Thousands of South Africans screamed with joy, danced and sang at OR Tambo airport near Johannesburg on Tuesday as the Springboks who won the Rugby World Cup returned home.
Forward Pieter-Steph du Toit, voted World Rugby Player of the Year two days ago, and scrum-half Faf de Klerk were among the first to arrive.
Nearly four hours later, the star attractions, captain Siya Kolisi and coach Rassie Erasmus, touched down to a frenzied reception.
The victorious squad, coaches and officials were scheduled to arrive between Tuesday and Wednesday as no airline could accommodate the entire group on one flight.
"We are privileged to do what we are doing ... we know that can give a little bit of hope to the people," Kolisi told a packed media conference.
"We won because we wanted it a lot. The people here gave us another reason to want it even harder. We had our people with us and it was really special for us."
Erasmus, who celebrated his 47th birthday on Tuesday, said: "What we want to keep on lasting is what we're seeing here at the airport (racial unity).
"We have to focus on making sure that everybody gets equal chances of playing, everybody gets good nutrition and everybody gets a fair chance.
"There are so many things that we have to fix, we can't just focus on the Springboks. There are so many bigger things that we have to fix."
A carnival atmosphere enveloped the normally sedate international arrivals section of the airport as every Springbok received deafening applause.
Black and white, male and female, young, middle aged and old, low-income earners and the wealthy all descended on the airport east of Johannesburg to salute their heroes.
Many wore replica green and gold shirts and waved national flags as they celebrated the rugby triumph, which was all the sweeter after poor recent results by the national football and cricket teams.
The Springboks first dominated and then crushed pre-match favourites England 32-12 in Japanese city Yokohama last Saturday to lift the World Cup a record-equalling third time.
Winning the four-yearly showcase of rugby so decisively has lifted the spirits of a nation mired in economic and social quagmires.
Although boasting the most developed economy in Africa, South Africa is struggling with stagnant growth, near 30-percent unemployment and widespread poverty and inequality.
Media headlines about corruption in state institutions and violence against women and children also appear with alarming frequency.
Rosharon Morgan, 34, said she closed the family engineering business for the day in order to welcome the Springboks.
- 'Mandela's legacy' -
"I'm here because the Springboks are the pride of the nation," she told AFP.
"I was listening to the speeches of Siya and Rassie and they were along the lines of uniting us and giving us hope.

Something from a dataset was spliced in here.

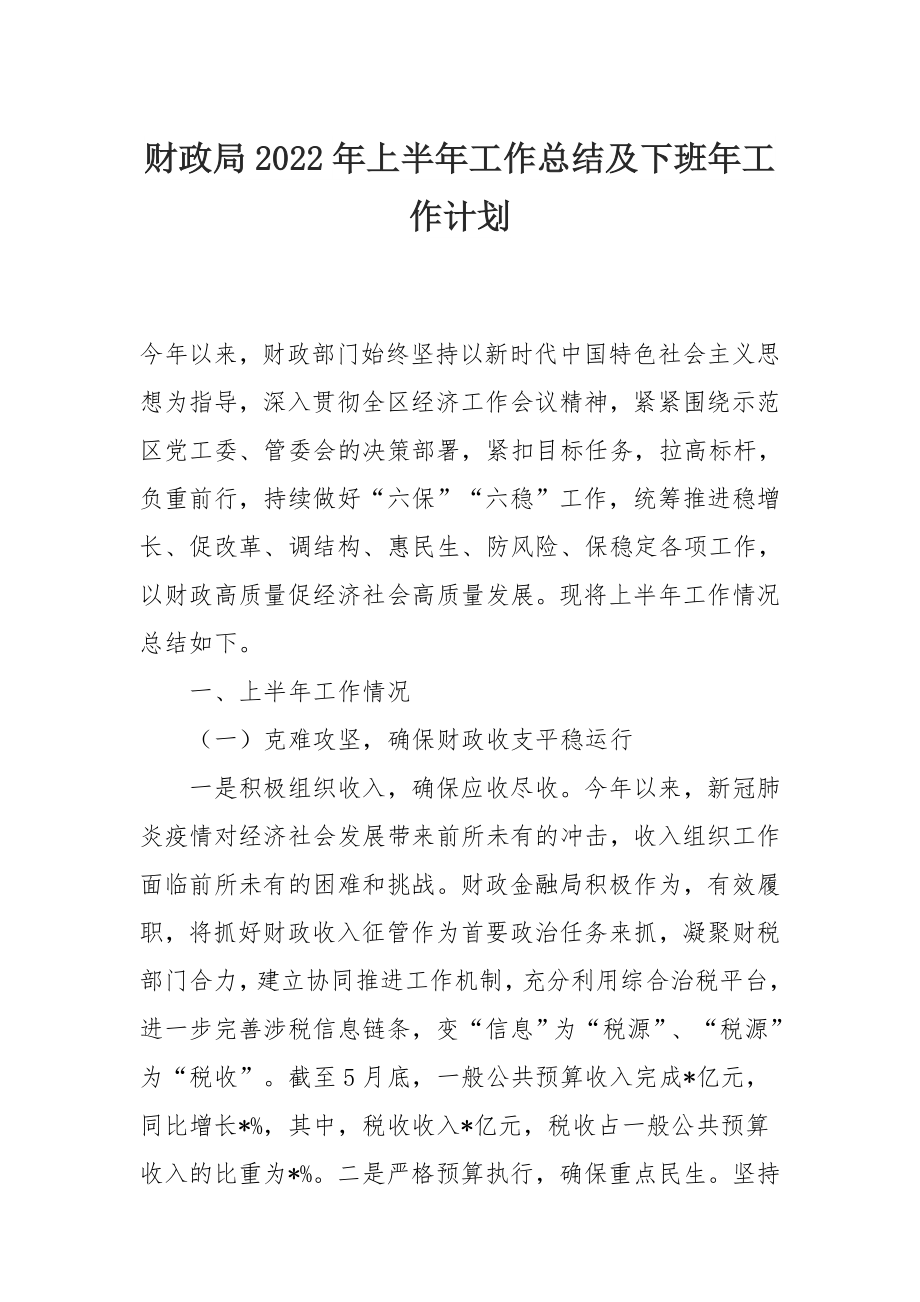 财政局2022年上半年工作总结及下班年工作计划.docx_第1页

"Right now there is a lot of euphoria in the county, but what we need to do is turn that into tangible changes. The problem is that we are not working toward (racial) unity.
"There are still many issues that need to be addressed such as racial and economic inequalities."
Moemedi Mashiolane, 45, works in the security industry and took advantage of free train transport from central Johannesburg to join the celebrations.
"I came here because this is Nelson Mandela's legacy -- this is what he would have wanted," he said, referring to the support the deceased former state president gave the Springboks.
"Rugby has united us. Where I come from rugby is a sport played by white people but today it has united us.
"We want white people to know that we want to be part of rugby and they must allow us to play the game."
Mashiolane said he loved the speech Kolisi made last weekend about unity as it uplifted his spirits.
"He knows about our lives as black people and I hope politicians learn from that. They must not think we are stupid -- we can see they are trying to divide us."
What made the Springboks' success special was it being achieved with a team reflecting both racial groups with nine whites and six blacks in the starting line-up.
Last year, Kolisi became the first black Test captain in South African history.
Formed in 1891, the Springboks fielded only whites for 90 years before fly-half Errol Tobias became the first black player to represent his country.
Just one black player, winger Chester Williams, featured in the 1995 World Cup-winning side and there were two black wingers, JP Pietersen and Bryan Habana, in the team that repeated the feat 12 years later.
Despite government pressure for the Springboks to select teams that better reflected a population that is 90 percent black, many coaches chose predominantly white teams.
Erasmus turned the tide after replacing embattled Allister Coetzee as coach last year, giving a string of black stars opportunities.